Totò Riina e a Cosa Nostra

17/11/2017

Por Leandro Demori

Salvatore Riina foi um dos mais poderosos e bestiais terroristas do século XX. Nascido em Corleone – uma cidade pobre e abandonada do interior da Sicília –, ele chegou à capital Palermo no começo dos anos 60 vestindo ternos mal cortados e sujos e calçando sapatos escamando em barro. Era um agricultor semi-analfabeto que trabalhou como faz-tudo dos mafiosos tradicionais da cidade, descendentes de famílias que comandavam a máfia quase desde o seu surgimento. Em pouco mais de uma década, Riina daria um golpe em toda a cúpula urbana da Cosa Nostra, destituindo ou matando seus opositores, e se tornaria o poderoso chefão do crime organizado italiano, um globetrotter que abastecia os Estados Unidos de heroína e enchia as ruas da Itália de sangue.

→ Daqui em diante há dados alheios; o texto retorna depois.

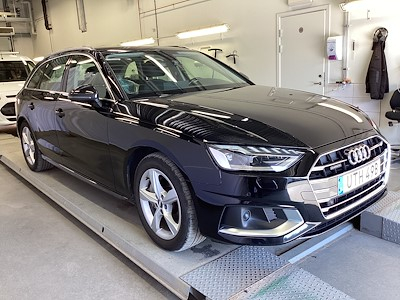 Audi A4 Avant 40 TDI quattro Proline Adv Varmare Drag Navi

Totò, como era chamado, ou “Curto”, devido a sua baixa estatura, fez o impensável: declarou guerra ao Estado italiano e empilhou cadáveres pelas cidades a rajadas de Kalashnikov e explosões de carros-bomba. Foram milhares os mortos em décadas de ações terroristas. Suas vítimas mais notórias são os juízes anti-máfia Giovanni Falcone e Paolo Borsellino, assassinados em 1992. Por esses e outros crimes, Totò cumpria prisão perpétua desde 1993, quando foi capturado após incríveis 24 anos escondido em casas e bunkers muito próximo da mesma Corleone em que nasceu. Ele morreu hoje, um dia depois de completar 87 anos. Eram 3:37 da madrugada, hora local.

Neste trecho de Cosa Nostra no Brasil, os mafiosos Giuseppe di Cristina e Giuseppe Calderone comentam seu descontentamento com o "Curto". Confira.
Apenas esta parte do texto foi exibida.